━━━ DATA RECORDS
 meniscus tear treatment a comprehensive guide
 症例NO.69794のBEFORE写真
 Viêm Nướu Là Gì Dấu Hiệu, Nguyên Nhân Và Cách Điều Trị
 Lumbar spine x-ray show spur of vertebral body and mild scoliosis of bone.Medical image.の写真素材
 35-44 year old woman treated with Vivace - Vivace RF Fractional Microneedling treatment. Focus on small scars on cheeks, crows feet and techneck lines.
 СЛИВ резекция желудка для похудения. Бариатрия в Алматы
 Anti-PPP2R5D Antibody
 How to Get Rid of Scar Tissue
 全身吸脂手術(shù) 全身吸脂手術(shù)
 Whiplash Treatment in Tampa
━━━━━━
━━━ DATA RECORDS
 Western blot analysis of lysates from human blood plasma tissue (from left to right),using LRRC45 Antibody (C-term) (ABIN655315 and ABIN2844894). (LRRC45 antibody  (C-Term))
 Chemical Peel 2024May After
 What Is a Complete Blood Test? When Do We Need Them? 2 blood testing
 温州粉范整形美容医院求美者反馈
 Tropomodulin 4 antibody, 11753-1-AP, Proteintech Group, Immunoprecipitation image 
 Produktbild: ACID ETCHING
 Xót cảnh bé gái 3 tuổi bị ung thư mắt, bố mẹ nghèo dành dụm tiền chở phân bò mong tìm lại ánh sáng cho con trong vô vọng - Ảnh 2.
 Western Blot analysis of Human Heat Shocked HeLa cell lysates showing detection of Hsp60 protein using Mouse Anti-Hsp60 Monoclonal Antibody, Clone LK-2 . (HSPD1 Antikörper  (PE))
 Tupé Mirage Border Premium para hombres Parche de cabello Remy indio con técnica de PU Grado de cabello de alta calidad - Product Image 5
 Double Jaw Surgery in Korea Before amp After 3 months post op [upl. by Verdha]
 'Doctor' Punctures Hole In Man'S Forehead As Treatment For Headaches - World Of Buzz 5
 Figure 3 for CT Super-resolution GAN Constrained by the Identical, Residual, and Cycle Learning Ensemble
━━━━━━
━━━ DATA RECORDS
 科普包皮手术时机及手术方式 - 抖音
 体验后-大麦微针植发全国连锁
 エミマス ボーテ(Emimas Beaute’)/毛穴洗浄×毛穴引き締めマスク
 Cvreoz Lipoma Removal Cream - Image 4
━━━━━━
All lines above from the line with "Viêm Nướu Là" through the line with "Whiplash Treatment in Tampa", both included, are to be set down exactly, with nothing else.

 Viêm Nướu Là Gì Dấu Hiệu, Nguyên Nhân Và Cách Điều Trị
 Lumbar spine x-ray show spur of vertebral body and mild scoliosis of bone.Medical image.の写真素材
 35-44 year old woman treated with Vivace - Vivace RF Fractional Microneedling treatment. Focus on small scars on cheeks, crows feet and techneck lines.
 СЛИВ резекция желудка для похудения. Бариатрия в Алматы
 Anti-PPP2R5D Antibody
 How to Get Rid of Scar Tissue
 全身吸脂手術(shù) 全身吸脂手術(shù)
 Whiplash Treatment in Tampa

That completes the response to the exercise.